Last week I left off with “Cries A Lot Boy” (If you don’t know what I mean, see last week’s column). “Cries A Lot Boy” is just one of the many people on campus my friends and I have nicknamed. Others include “Annoying Math Girl,” “Loud Laugh Girl,” “Gross Math Boy,” “Cowgirl Up,” and last but certainly not least annoying is “Tink.” This week the column is devoted solely to these people who make me hate my life more and more.

For the most part, I think “Annoying Math Girl” is self-explanatory.

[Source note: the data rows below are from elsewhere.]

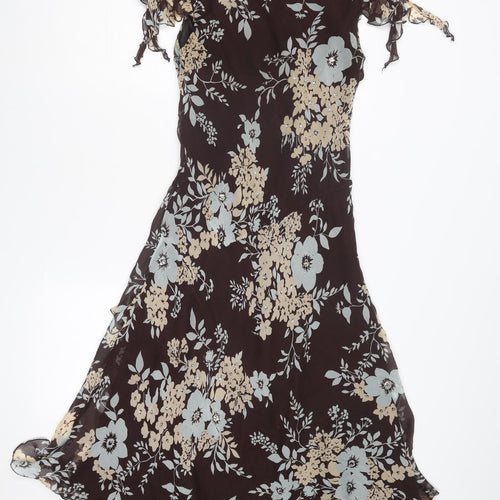 Country Casuals Womens Brown Floral Silk Trapeze & Swing Size 8 V-Neck Pullover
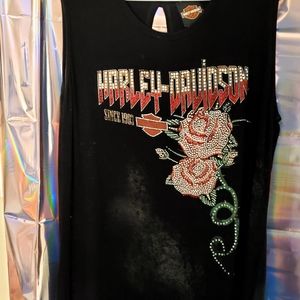 Lace up Back Flowy Rhinestone Tank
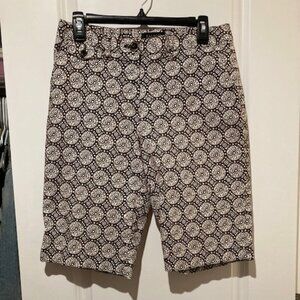 TALBOTS Women's Bermuda Shorts Brown Print Stretch SIZE 8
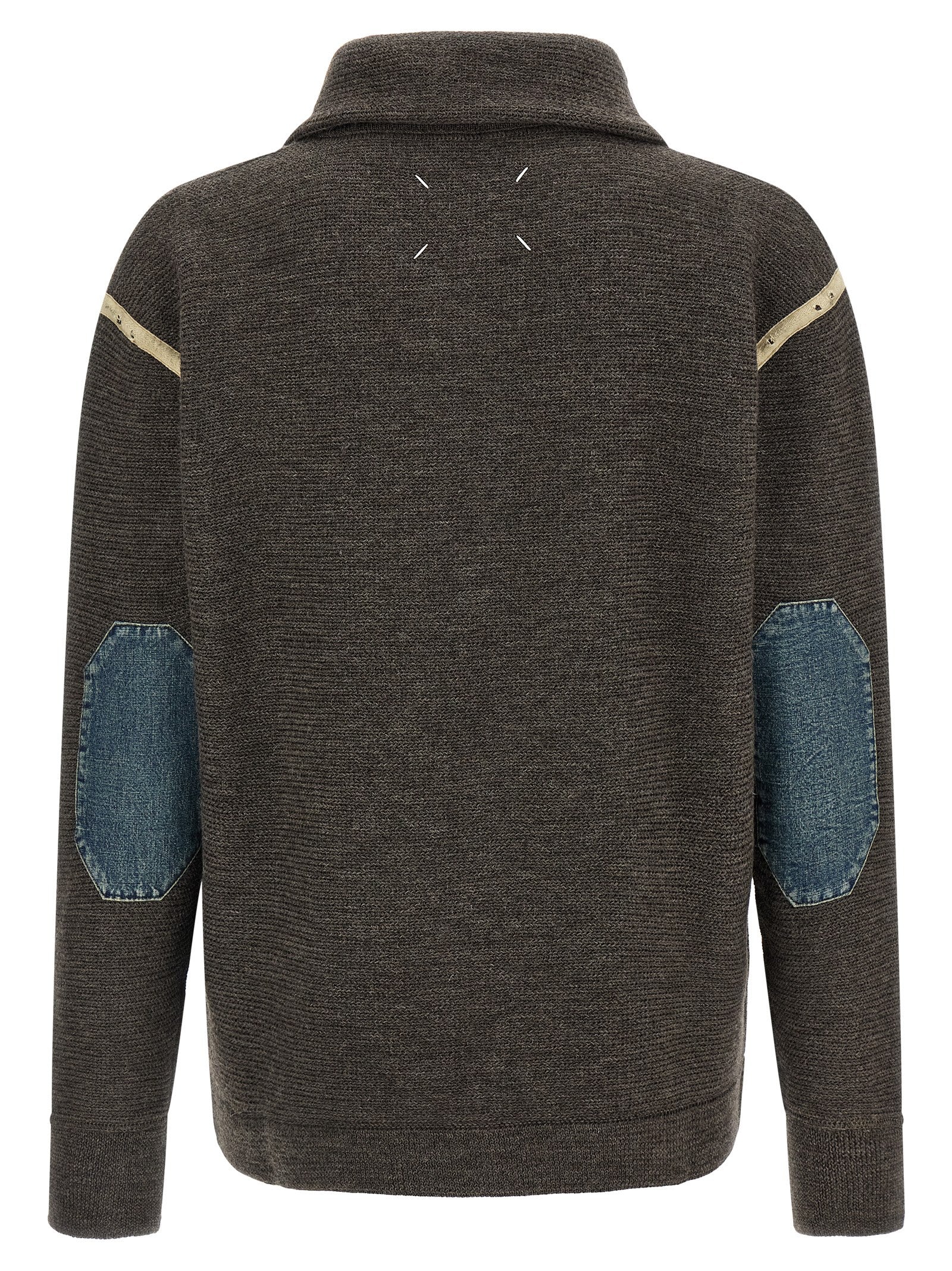 Maison Margiela 'Elbow Patch Quarter-Zip ' Reversible Sweater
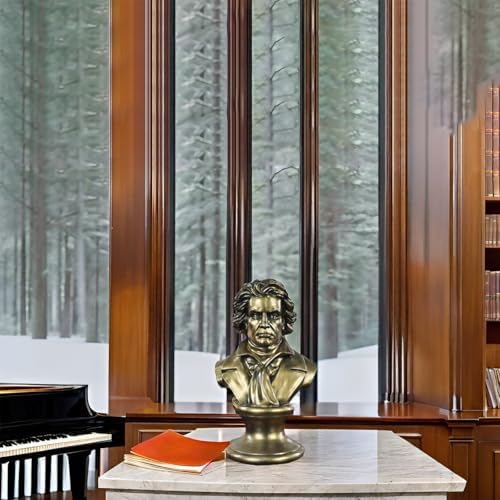 Beethoven Bust Statue 12 Inch Bronze Finish Resin Sculpture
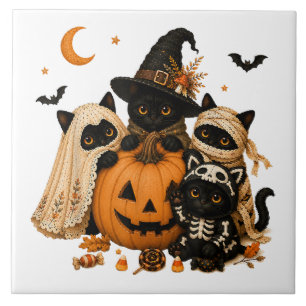 Halloween schwarze Katze Kürbis Hexe Fliese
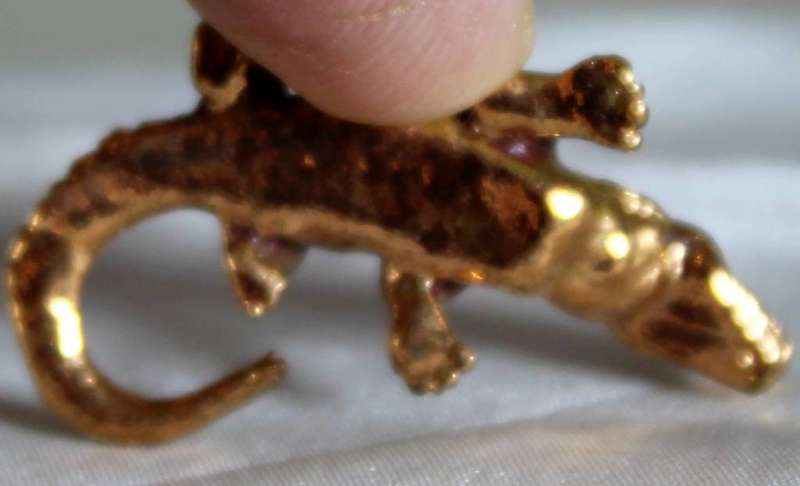 Miniature copper / lead crocodile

Everyone has one of these girls. You know-the ones who ask 11 ridiculous questions every day in class. They are not even good inquiries and they usually involve some aspect of the lecture everyone else understood but she seems to be caught up in and thus feels it is her duty to ask consequent, stupid questions during class as opposed to after. I think everyone knows what I am talking


Then there is “Loud Laugh Girl.” You will know exactly who I am talking about if you eat in the dining hall. She has the most obnoxious laugh I have ever heard. The funny part is, every time she laughs, her “friends” cringe and look away, pretending not to know her, but their acquaintanceship is pretty obvious when you’re sitting at the same table as them. I would not have such a problem with “Loud Laugh Girl” normally, because I only eat at the dining hall once a day, but she has proceeded to move her cackle to outside my dorm room window (usually around midnight, when I want to go to sleep). I think she knows I hate her laugh, so she has followed me home to impose more torture upon me. I have an idea, “Loud Laugh Girl.” Chuckle all you would like while in your room (most likely a single), but keep it to a bare minimum in public. Okay?

Now I would like to move on to “Gross Math Boy.” I have written something I like to call “Ode to Gross Math Boy” to better your understanding of the situation.

O Gross Math Boy, Gross Math Boy, how do you plague me?In so many ways, let me name two or three.Here I am in math class, bogged down in deep thought,But all I can see is your phlegm and your snot.You sniffle and sneeze, I’m weak in the knees!Here’s a Kleenex, wipe your nose-please, please, please!!

Enough said about him, I think. Now, my favorite misfit is “Cowgirl Up.”

You are going to love this, too! I guess UVM has some sort of equestrian team mostly consisting of rich girls who leave their 70,000-dollar horses in the barn to rot. I think “Cowgirl Up” is on the equestrian team, but in the event she is not, this becomes even funnier. Let me explain. She has a pretty nice black coupe (boyfriend and sunroof included), but she has ruined it by putting a huge template that reads “COWGIRL UP” across the back window. What? This is ridiculous, not to mention stupid, even if you are on the equestrian team. What is even funnier is that she has a boyfriend, who she leads around by the reigns, to do all of her heavy lifting and to ride in her car. If I were her boyfriend, I would be pretty embarrassed to cruise around in a car that said “COWGIRL UP” on the back window. Strap on a pair, Cowboy!!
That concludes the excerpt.